A copybook rescue of an injured fisherman began on Friday afternoon when Far North Coastguard Radio received a call from Craig Burns, skipper of the FV Eclipse, advising of severe injuries to one of his crew and requesting evacuation by helicopter.
The police were advised ofthe situation and the location of Eclipse at Cascade Bay, on the south-west side of Great Island, one of the Three Kings, where the vessel was taking shelter, but the job was never going to be easy, Coastguard Radio's Annette Hall said.
"The weather was atrocious; the forecast was for northeast winds at 25 knots with the sea becoming very rough, two metres southwest easing and an easterly swell rising to three metres, so heading for her home port of Houhora, at least nine hours away, wasn't an option," she said.
The injured crewman, Terry Martin, had worked on the Eclipse for eight years and was very experienced and respected, she added, but was in real need of assistance.

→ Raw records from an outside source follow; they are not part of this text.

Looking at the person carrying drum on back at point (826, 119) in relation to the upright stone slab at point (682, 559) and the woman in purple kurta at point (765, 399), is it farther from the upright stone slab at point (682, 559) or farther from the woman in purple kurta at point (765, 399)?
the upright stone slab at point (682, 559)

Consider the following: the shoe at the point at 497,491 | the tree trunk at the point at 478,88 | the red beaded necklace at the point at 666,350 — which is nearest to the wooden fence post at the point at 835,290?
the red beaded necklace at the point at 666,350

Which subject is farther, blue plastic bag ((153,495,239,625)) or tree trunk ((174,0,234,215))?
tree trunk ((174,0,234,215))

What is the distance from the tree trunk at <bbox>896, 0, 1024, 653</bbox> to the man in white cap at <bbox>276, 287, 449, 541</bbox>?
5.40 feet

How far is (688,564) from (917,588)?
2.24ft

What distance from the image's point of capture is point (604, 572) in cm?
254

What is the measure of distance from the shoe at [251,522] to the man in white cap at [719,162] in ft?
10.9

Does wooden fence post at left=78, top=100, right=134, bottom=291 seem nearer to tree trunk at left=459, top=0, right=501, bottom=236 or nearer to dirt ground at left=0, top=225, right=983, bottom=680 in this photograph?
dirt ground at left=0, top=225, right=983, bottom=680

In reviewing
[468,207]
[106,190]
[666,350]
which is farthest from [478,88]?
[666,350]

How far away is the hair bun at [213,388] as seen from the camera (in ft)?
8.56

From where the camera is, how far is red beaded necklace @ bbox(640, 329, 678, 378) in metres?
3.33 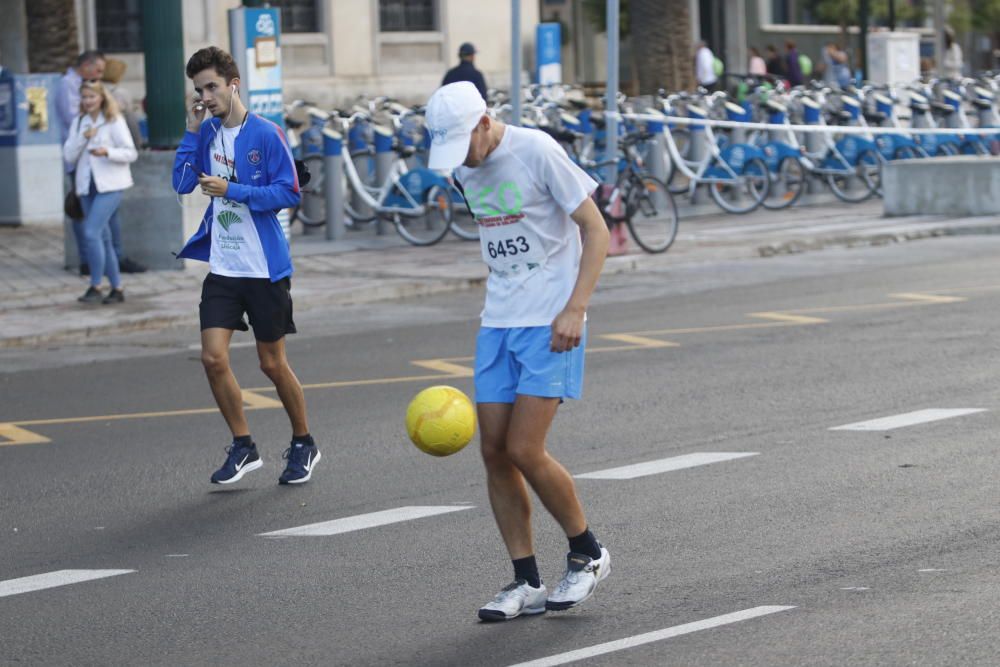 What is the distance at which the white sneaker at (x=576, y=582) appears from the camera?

His hand had been caught in a winch, severing his thumb, while it was feared that he could lose a finger as well. He was reported to be in severe pain.
A Northland Electricity rescue helicopter was dispatched, and at 6.45pm, less than two hours after the first call was received and after refuelling at Kaitaia on the way north, the pilot advised that a winchman was being lowered on to Eclipse's deck.
Twenty-one minutes later Mr Martin was aboard the helicopter and heading for hospital.
He was assessed at Whangarei, where the helicopter again refuelled, before continuing the flight to Auckland's Middlemore Hospital.
"Credit must be given to the pilot and paramedics during this potentially treacherous rescue," Ms Hall said.
"Despite the conditions it was all completed within two hours, give or take a couple of minutes, from the initial call to police to a successful air lift."
The helicopter arrived at Middlemore Hospital at approximately 10.30pm, Mr Martin undergoing four and a half hours' surgery where the nerves and tendons on one index finger were reattached and a second finger was pinned and screwed. The thumb, which had travelled with the injured man, still inside his glove, could not be reattached.